Début avril 1962, le secrétaire général du ministère italien des Affaires étrangères Emilio Cattani remplace Christian Fouchet à la tête de la Commission d'études. Cattani propose de nouveaux amendements, mais il ne parvient pas à concilier les intérêts de la France et de ses partenaires européens. La Belgique et les Pays-Bas veulent en effet faire aboutir l'adhésion de la Grande-Bretagne à la CEE avant de poursuivre plus avant la mise en œuvre d'une Union politique. Par conséquent, les ministres des Affaires étrangères réunis à Luxembourg le 17 avril 1962 ne peuvent que constater leur désaccord unanime. Le 15 mai, le général de Gaulle consomme la rupture des tentatives d'Europe politique. Au cours d'une conférence de presse retentissante, il stigmatise en effet les thèses fédéralistes européennes et dénonce ouvertement le jeu des Anglo-Saxons.

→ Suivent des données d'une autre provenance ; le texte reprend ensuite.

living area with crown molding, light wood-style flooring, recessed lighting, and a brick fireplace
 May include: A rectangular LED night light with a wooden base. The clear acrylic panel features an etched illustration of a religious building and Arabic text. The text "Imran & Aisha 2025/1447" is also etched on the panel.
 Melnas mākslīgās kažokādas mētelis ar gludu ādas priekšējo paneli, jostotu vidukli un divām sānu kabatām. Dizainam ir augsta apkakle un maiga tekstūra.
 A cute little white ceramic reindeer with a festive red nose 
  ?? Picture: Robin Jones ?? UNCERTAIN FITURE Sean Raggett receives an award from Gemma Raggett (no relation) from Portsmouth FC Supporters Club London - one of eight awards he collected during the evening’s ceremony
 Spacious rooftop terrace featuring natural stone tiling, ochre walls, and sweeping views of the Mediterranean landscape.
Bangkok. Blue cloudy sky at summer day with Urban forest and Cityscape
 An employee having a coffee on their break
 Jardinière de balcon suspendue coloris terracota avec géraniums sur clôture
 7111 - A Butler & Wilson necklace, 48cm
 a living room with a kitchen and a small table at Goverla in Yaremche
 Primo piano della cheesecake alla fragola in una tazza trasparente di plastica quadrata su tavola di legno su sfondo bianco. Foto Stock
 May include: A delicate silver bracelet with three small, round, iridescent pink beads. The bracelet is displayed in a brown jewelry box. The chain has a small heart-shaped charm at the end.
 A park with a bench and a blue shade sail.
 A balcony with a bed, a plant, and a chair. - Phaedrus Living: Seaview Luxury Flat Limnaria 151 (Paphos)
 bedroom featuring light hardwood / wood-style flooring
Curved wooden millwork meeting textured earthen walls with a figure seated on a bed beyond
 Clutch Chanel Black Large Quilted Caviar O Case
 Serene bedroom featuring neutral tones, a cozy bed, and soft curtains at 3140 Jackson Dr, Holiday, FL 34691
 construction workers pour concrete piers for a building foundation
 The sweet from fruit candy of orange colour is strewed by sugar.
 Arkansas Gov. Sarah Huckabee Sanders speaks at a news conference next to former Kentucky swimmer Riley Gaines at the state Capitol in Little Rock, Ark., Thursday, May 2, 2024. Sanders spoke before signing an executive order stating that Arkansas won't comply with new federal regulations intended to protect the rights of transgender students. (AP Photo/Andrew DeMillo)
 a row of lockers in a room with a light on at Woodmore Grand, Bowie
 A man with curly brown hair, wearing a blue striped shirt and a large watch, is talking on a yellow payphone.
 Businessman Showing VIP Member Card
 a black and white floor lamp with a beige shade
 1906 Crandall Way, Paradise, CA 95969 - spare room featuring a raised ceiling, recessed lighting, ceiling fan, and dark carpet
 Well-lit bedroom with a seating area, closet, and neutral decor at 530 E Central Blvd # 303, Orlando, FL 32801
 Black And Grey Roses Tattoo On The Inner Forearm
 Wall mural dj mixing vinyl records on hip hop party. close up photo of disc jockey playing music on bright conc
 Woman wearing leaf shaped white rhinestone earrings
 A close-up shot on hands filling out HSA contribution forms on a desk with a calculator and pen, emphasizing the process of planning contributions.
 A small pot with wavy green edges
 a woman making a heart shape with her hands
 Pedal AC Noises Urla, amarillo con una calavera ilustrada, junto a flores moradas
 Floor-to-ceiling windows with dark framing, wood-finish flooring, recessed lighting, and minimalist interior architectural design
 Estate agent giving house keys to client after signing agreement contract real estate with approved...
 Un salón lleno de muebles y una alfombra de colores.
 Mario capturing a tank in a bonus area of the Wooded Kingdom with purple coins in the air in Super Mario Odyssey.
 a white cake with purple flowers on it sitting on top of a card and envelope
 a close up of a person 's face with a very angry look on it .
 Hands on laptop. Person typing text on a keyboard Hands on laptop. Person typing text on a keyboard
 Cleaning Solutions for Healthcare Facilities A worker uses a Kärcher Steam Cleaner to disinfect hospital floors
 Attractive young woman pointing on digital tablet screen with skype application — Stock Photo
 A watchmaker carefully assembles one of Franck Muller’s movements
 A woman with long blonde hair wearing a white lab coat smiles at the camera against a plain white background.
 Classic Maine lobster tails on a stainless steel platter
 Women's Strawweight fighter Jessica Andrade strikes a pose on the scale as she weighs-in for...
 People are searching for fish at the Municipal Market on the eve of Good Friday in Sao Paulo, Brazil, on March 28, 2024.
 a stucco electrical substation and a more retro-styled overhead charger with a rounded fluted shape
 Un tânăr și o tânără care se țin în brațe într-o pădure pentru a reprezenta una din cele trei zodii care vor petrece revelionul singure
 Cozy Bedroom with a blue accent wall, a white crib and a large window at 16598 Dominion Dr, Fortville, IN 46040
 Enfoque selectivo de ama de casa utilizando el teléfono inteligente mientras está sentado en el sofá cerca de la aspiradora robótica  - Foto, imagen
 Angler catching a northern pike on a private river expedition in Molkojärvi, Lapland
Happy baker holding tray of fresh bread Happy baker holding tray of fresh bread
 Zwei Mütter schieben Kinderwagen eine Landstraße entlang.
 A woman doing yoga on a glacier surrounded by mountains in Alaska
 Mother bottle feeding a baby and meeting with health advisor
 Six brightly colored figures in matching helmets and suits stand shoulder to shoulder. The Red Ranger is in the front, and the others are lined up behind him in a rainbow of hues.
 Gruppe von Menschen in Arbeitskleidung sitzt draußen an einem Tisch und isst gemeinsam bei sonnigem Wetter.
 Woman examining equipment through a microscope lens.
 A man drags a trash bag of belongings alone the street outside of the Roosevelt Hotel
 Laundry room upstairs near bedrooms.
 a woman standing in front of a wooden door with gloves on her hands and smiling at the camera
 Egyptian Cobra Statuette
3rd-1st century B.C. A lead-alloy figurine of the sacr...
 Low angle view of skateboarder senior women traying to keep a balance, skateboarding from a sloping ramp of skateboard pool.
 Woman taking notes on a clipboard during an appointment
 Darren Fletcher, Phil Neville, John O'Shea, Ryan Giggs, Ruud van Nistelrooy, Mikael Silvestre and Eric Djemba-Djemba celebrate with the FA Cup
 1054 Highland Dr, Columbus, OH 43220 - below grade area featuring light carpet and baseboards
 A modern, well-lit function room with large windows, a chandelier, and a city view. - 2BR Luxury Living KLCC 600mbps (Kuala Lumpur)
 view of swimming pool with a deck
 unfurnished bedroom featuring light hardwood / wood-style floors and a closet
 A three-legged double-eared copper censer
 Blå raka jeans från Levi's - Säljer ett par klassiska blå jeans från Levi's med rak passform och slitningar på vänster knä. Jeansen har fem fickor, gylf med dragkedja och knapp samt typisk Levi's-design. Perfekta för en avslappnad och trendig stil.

L'échec des plans Fouchet entraîne une série de crises marquées par le désaccord portant sur la nature même du processus d'unification européenne, le pouvoir des institutions communautaires, l'indépendance de l'Europe ainsi que la solidarité atlantique. Les chefs d'État et de gouvernement vont d'ailleurs cesser de se réunir pendant sept ans. Après l’insuccès de ses projets d’organisation intergouvernementale de l’Europe, de Gaulle se concentre dès lors sur les deux autres priorités de sa politique extérieure : il scelle un rapprochement historique avec l’Allemagne en signant avec Adenauer le traité de l’Elysée du 22 janvier 1963, tandis qu’il affirme ostensiblement sa défiance envers l’atlantisme en quittant le commandement intégré de l’OTAN en 1966, et en posant par deux fois (1963 et 1967) son veto à l’entrée de la Grande-Bretagne. La crise interne de la Communauté atteint son paroxysme en 1965, avec la crise de la chaise vide dénouée, grâce aux efforts de Pierre Werner et à une stratégie du Benelux, par le compromis de Luxembourg du 29 janvier 1966.
Si les négociations autour des plans Fouchet ont fortement envenimé les rapports entre pays membres durant toutes les années soixante, elles ont en tout cas mis en lumière la dialectique entre l’aspiration à une Europe intergouvernementale et l’ambition d’une organisation supranationale pour le continent.
Quelques années plus tard, face aux événements économiques et politiques internationaux, la nécessité d'un rapprochement des politiques étrangères entre les États membres s'est progressivement imposée. Au sommet de La Haye, les 1er et 2 décembre 1969, les ministres des Affaires étrangères des Six sont chargés d'élaborer un rapport sur les possibilités de coopération en matière de politique étrangère, ce qui conduira au rapport Davignon.
1WERNER, Pierre. Itinéraires luxembourgeois et européens. Evolutions et souvenirs: 1945-1985. Luxembourg: Éditions Saint-Paul, 1992, tome II, p. 7.
2Dans le dossier thématique, ces questions sont traitées de manière détaillée dans deux sections à part: «Le compromis de Luxembourg» et «Luxembourg, capitale permanente des institutions communautaires».